* Instructions to follow: Ignoring the pictures, repeat every entry below exactly as it appears.

==== Provided material

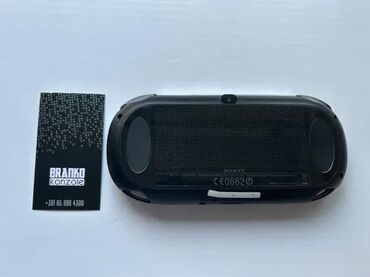 PS Vita (Sony Playstation Vita): Prodajem Sony Playstation VITA konzolu. Model 1104 sa odlicnim OLED — 2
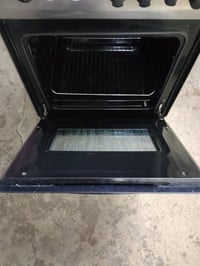 طباخ للبيع السعر ٥٠ وبي مجال شرط كلو شغال ولعيون زرق والفرن شغال ونضيف...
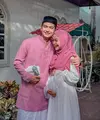 Ria Ricis tampil kompak dengan outfit bernuansa pink putih. Paduan yang segar di hari Lebaran membuat tampilannya semakin seru dan ceria. (Foto: Instagram/ Ria Ricis)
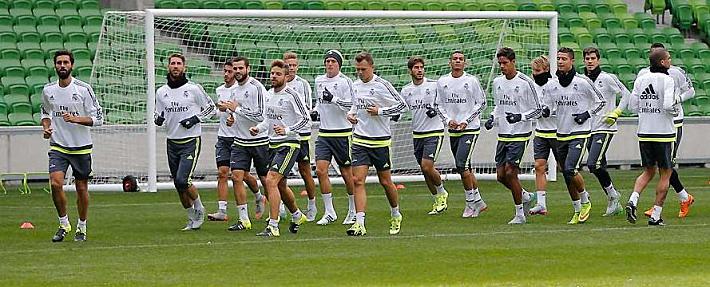 Денис ЧЕРЫШЕВ (восьмой слева). Фото - realmadrid.com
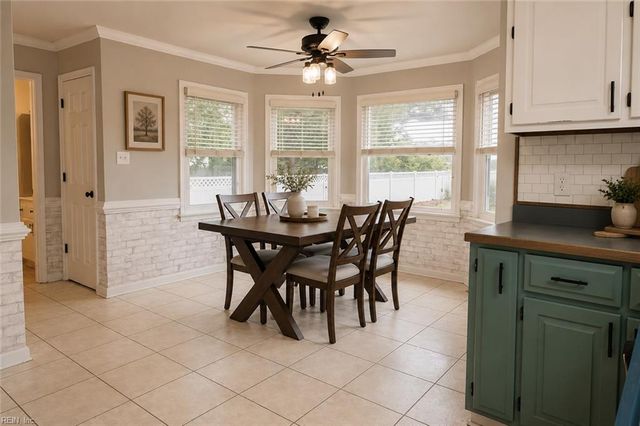 4528 Davids Mill DR, Chesapeake, VA 23321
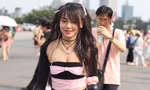Áo khoét eo, sắc hồng ngập sân Mỹ Đình trước giờ BlackPink biểu diễn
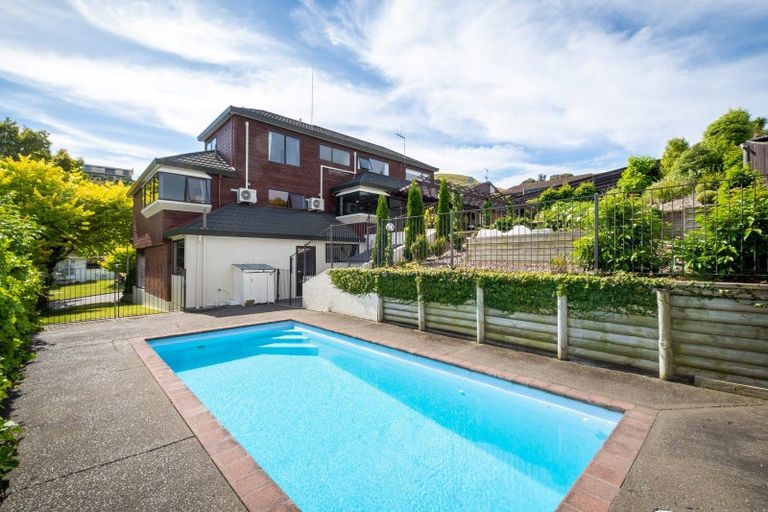 Photo of property in 9 Cumberland Rise, Taradale, Napier, 4112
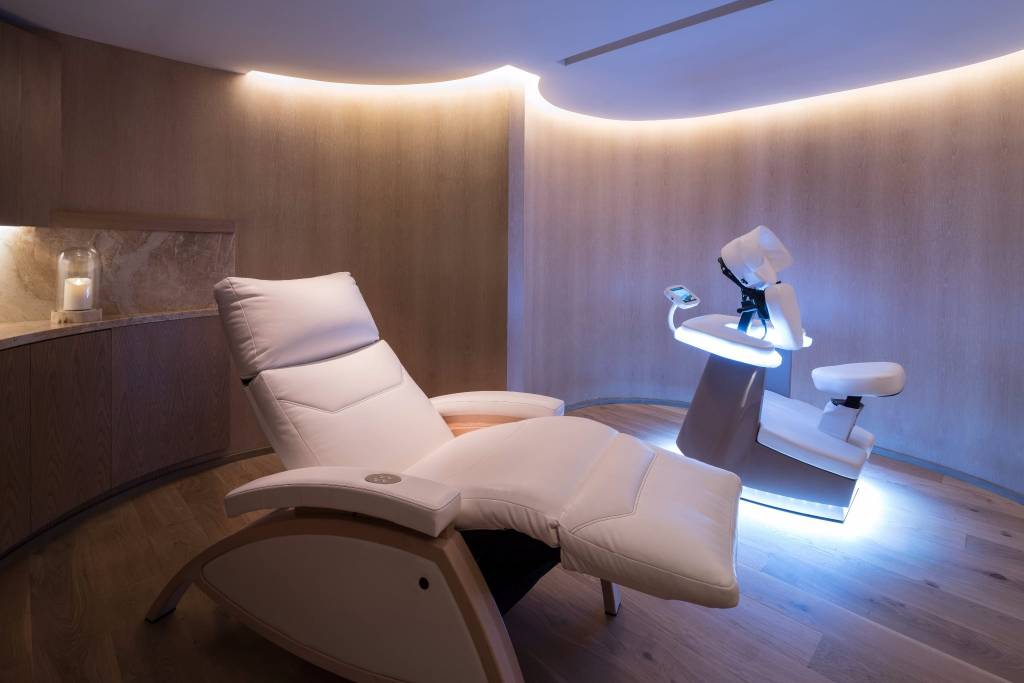 Timeless Capsule Ritz Carlton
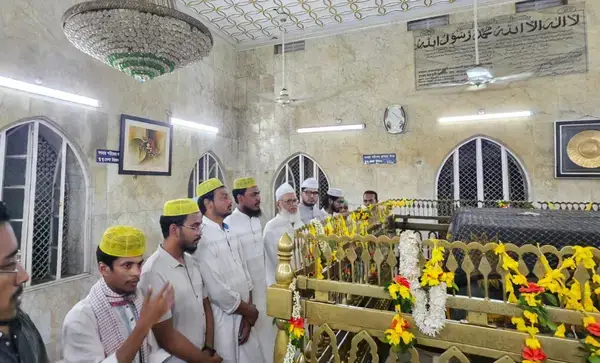 চট্টগ্রামে সুফী সাধকের মাজারে এনসিপি নেতাদের শ্রদ্ধা নিবেদন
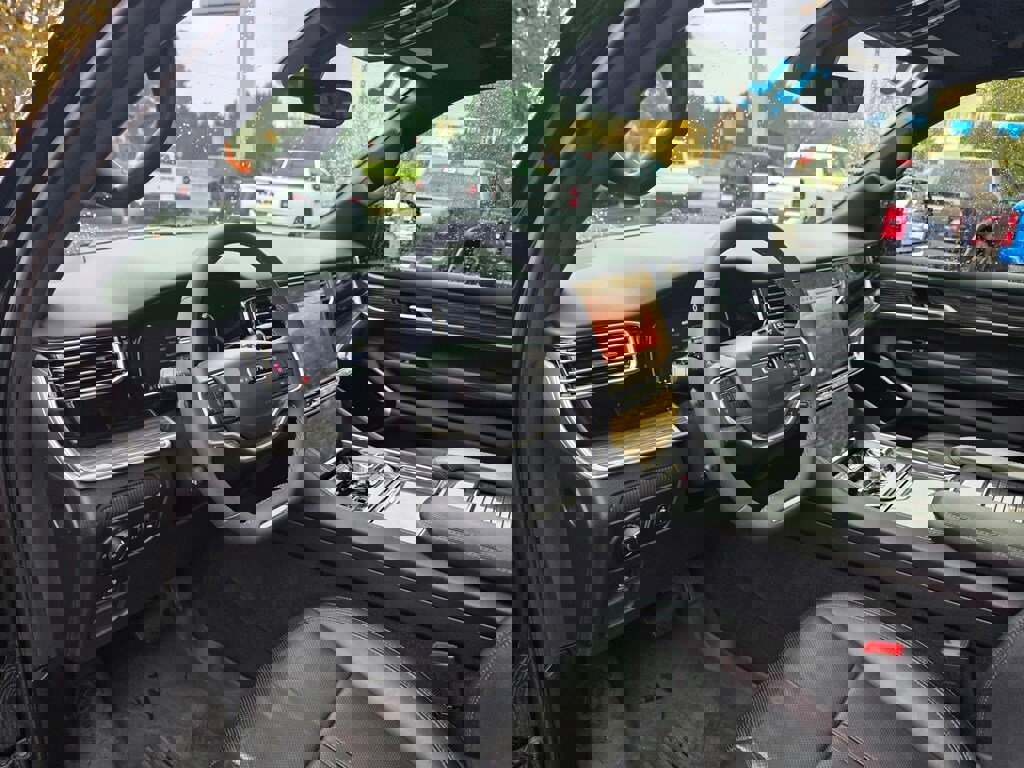 Used 2022 Jeep Wagoneer Series III w/ Premium Group I image 11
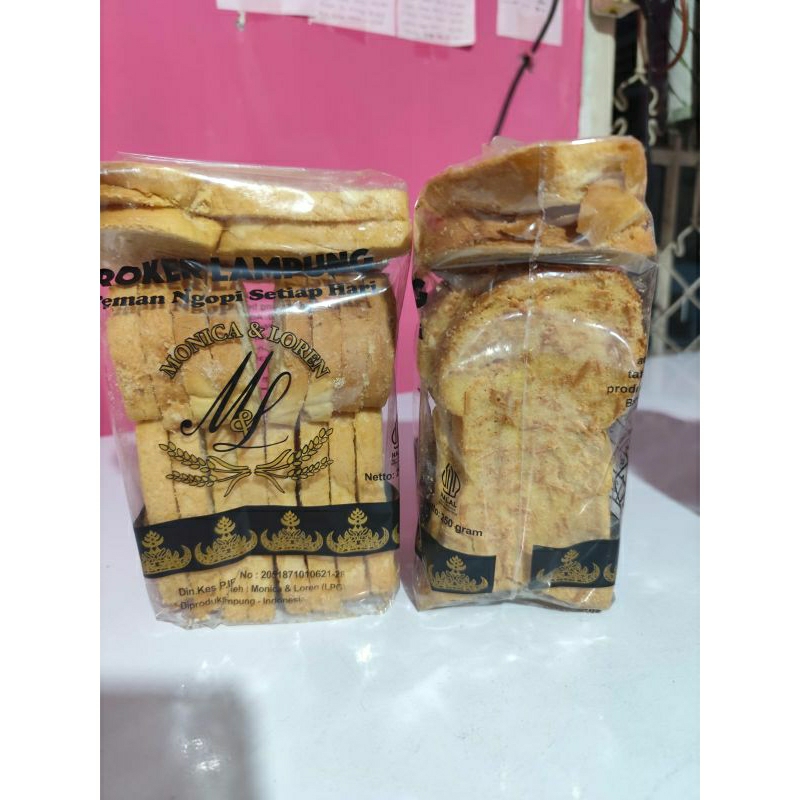 

ROTI KERING MONICA LOREN LAMPUNG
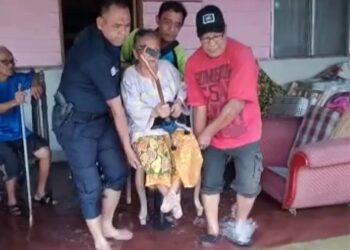 USAHA memindahkan mangsa banjir di Kampung Baru Seri Gading, Batu Pahat.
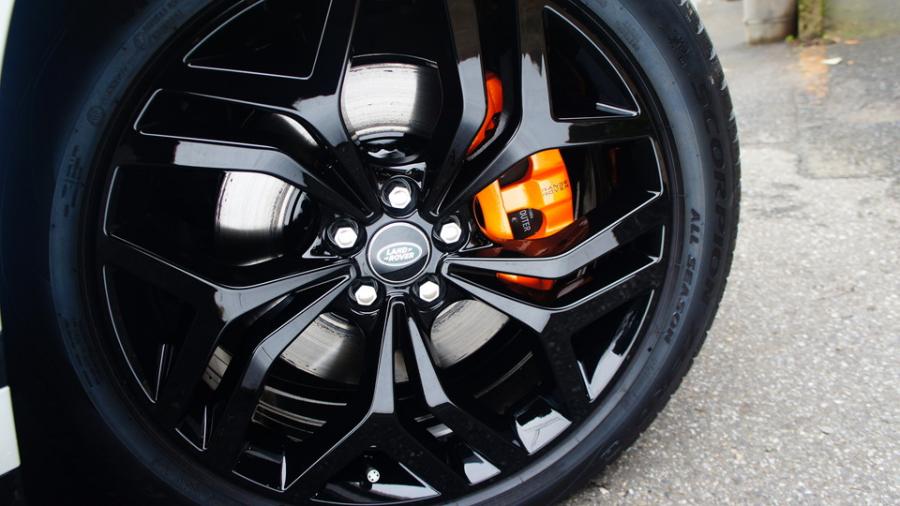 キャリパー塗装施工事例：レンジローバーイヴォーク　キャリパー塗装ローター塗装　COLOR:#098 honey of pearl orange、#009 Hyper metallic black IMG29_1888_SVBP97_sub4.jpg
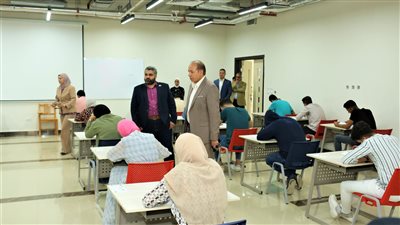 رئيس جامعة المنصورة الأهلية يتفقد أعمال امتحانات الفصل الدراسي الثاني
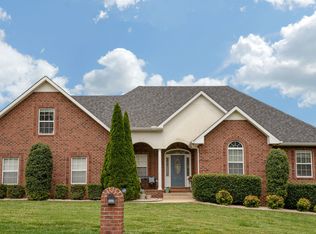 4095 Summit Dr, Greenbrier, TN 37073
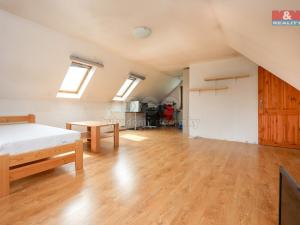Prodej rodinného domu, Mníšek pod Brdy, U Lesíka, 180 m2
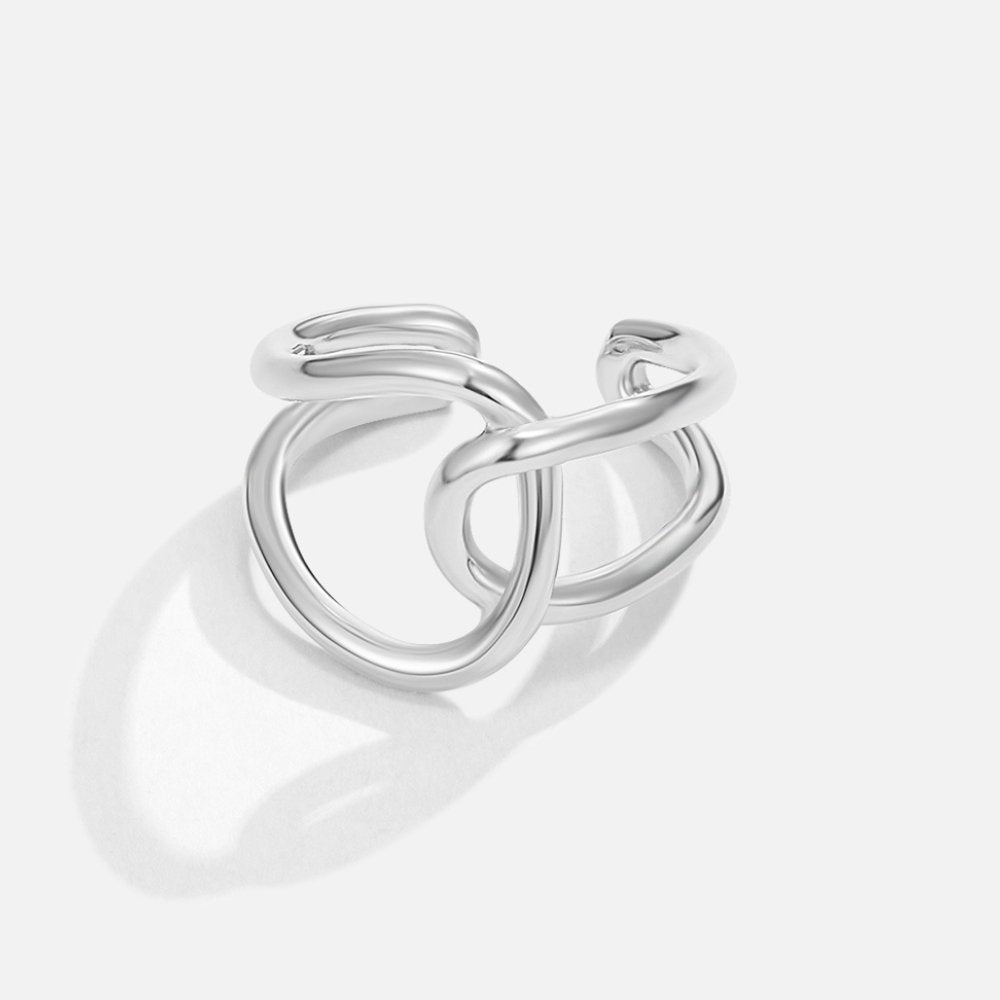 Helena – Anello in argento con elegante curvatura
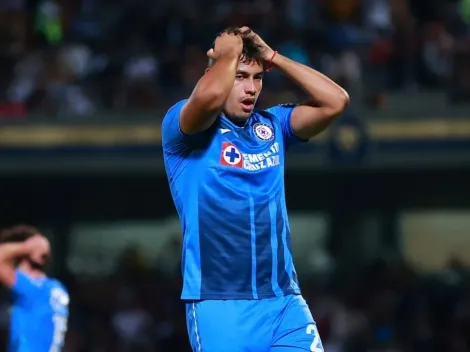 VIDEO | Hinchas del Cruz Azul encaran con todo a Iván Morales y a sus compañeros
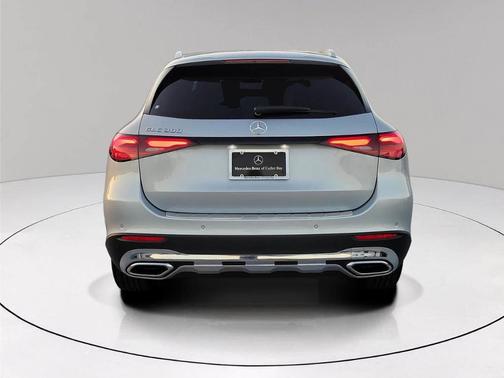 2026 Mercedes-Benz GLC 300 Base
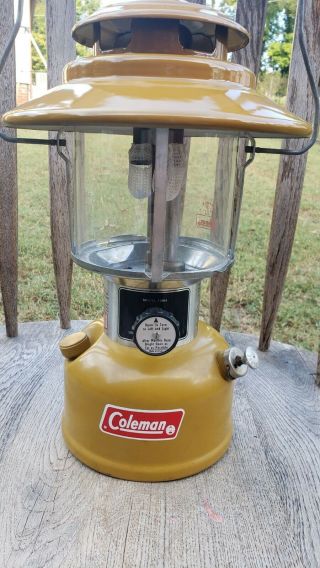 Vintage 1973 Coleman Gold Bond 228h Lantern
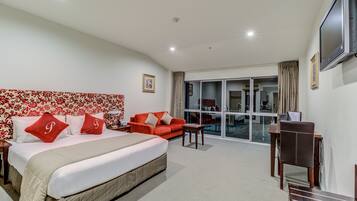 Quarto executivo | Individualmente decorados, individualmente mobiliados, escrivaninha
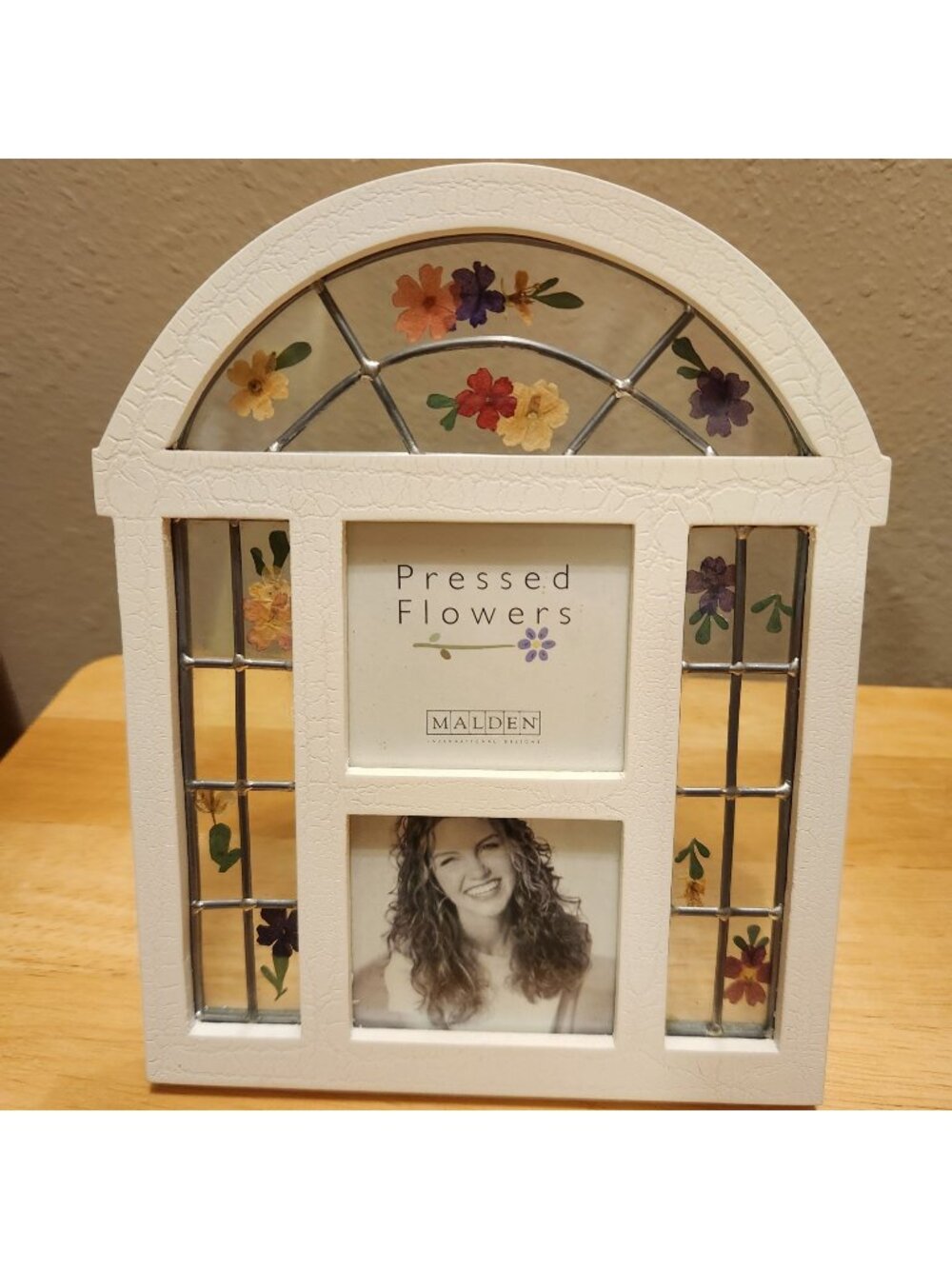 Malden Garden Trellis 2-Opening Collage Frame With Pressed Flowers Design White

========

* Result of this task:
 PS Vita (Sony Playstation Vita): Prodajem Sony Playstation VITA konzolu. Model 1104 sa odlicnim OLED — 2
 طباخ للبيع السعر ٥٠ وبي مجال شرط كلو شغال ولعيون زرق والفرن شغال ونضيف...
 Ria Ricis tampil kompak dengan outfit bernuansa pink putih. Paduan yang segar di hari Lebaran membuat tampilannya semakin seru dan ceria. (Foto: Instagram/ Ria Ricis)
 Денис ЧЕРЫШЕВ (восьмой слева). Фото - realmadrid.com
 4528 Davids Mill DR, Chesapeake, VA 23321
Áo khoét eo, sắc hồng ngập sân Mỹ Đình trước giờ BlackPink biểu diễn
 Photo of property in 9 Cumberland Rise, Taradale, Napier, 4112
 Timeless Capsule Ritz Carlton
 চট্টগ্রামে সুফী সাধকের মাজারে এনসিপি নেতাদের শ্রদ্ধা নিবেদন
 Used 2022 Jeep Wagoneer Series III w/ Premium Group I image 11

ROTI KERING MONICA LOREN LAMPUNG
 USAHA memindahkan mangsa banjir di Kampung Baru Seri Gading, Batu Pahat.
 キャリパー塗装施工事例：レンジローバーイヴォーク　キャリパー塗装ローター塗装　COLOR:#098 honey of pearl orange、#009 Hyper metallic black IMG29_1888_SVBP97_sub4.jpg
 رئيس جامعة المنصورة الأهلية يتفقد أعمال امتحانات الفصل الدراسي الثاني
 4095 Summit Dr, Greenbrier, TN 37073
Prodej rodinného domu, Mníšek pod Brdy, U Lesíka, 180 m2
 Helena – Anello in argento con elegante curvatura
 VIDEO | Hinchas del Cruz Azul encaran con todo a Iván Morales y a sus compañeros
 2026 Mercedes-Benz GLC 300 Base
 Vintage 1973 Coleman Gold Bond 228h Lantern
 Quarto executivo | Individualmente decorados, individualmente mobiliados, escrivaninha
 Malden Garden Trellis 2-Opening Collage Frame With Pressed Flowers Design White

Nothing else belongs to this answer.